**TASK INSTRUCTIONS:** If an entry below holds a picture, skip the picture and copy everything else exactly.

════

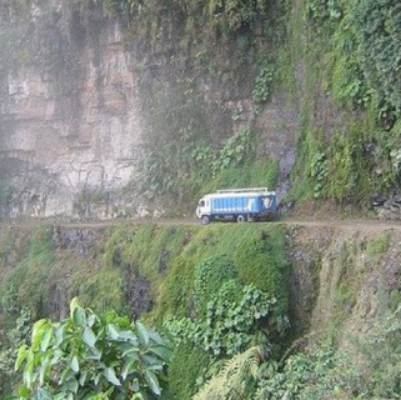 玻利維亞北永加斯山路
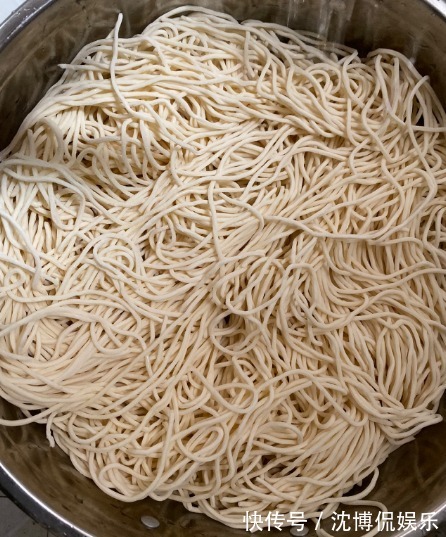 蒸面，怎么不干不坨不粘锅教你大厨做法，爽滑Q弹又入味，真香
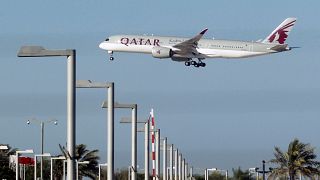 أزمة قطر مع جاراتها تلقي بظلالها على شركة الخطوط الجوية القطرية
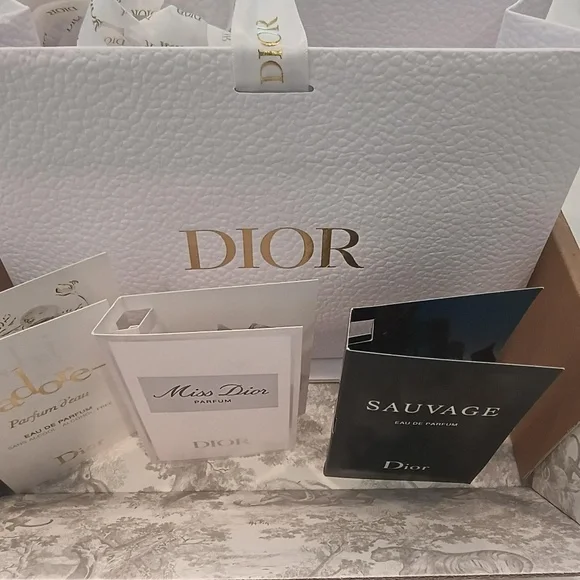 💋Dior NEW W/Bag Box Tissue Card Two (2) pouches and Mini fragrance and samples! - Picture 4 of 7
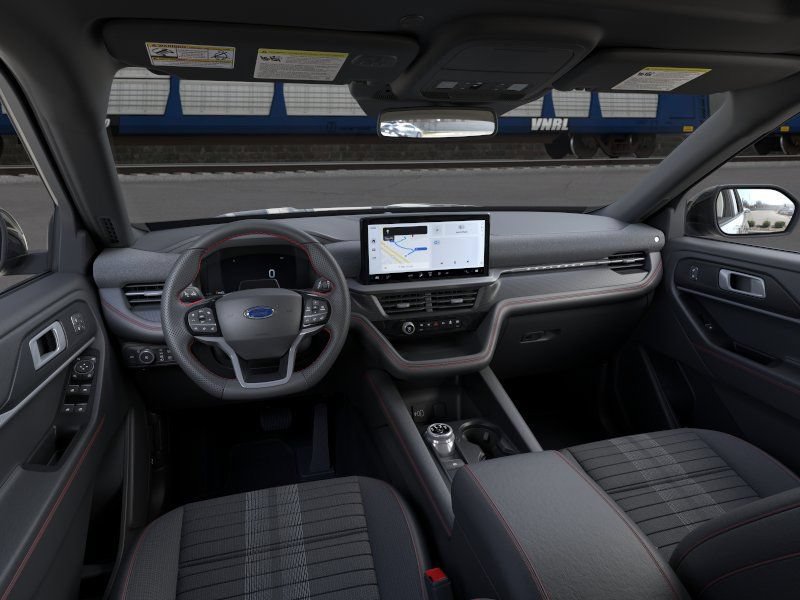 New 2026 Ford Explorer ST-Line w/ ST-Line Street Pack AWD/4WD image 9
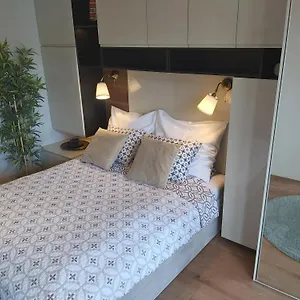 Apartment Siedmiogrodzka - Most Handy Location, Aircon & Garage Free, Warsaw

════

**TASK ANSWER:**
 玻利維亞北永加斯山路
 蒸面，怎么不干不坨不粘锅教你大厨做法，爽滑Q弹又入味，真香
 أزمة قطر مع جاراتها تلقي بظلالها على شركة الخطوط الجوية القطرية
 💋Dior NEW W/Bag Box Tissue Card Two (2) pouches and Mini fragrance and samples! - Picture 4 of 7
 New 2026 Ford Explorer ST-Line w/ ST-Line Street Pack AWD/4WD image 9
 Apartment Siedmiogrodzka - Most Handy Location, Aircon & Garage Free, Warsaw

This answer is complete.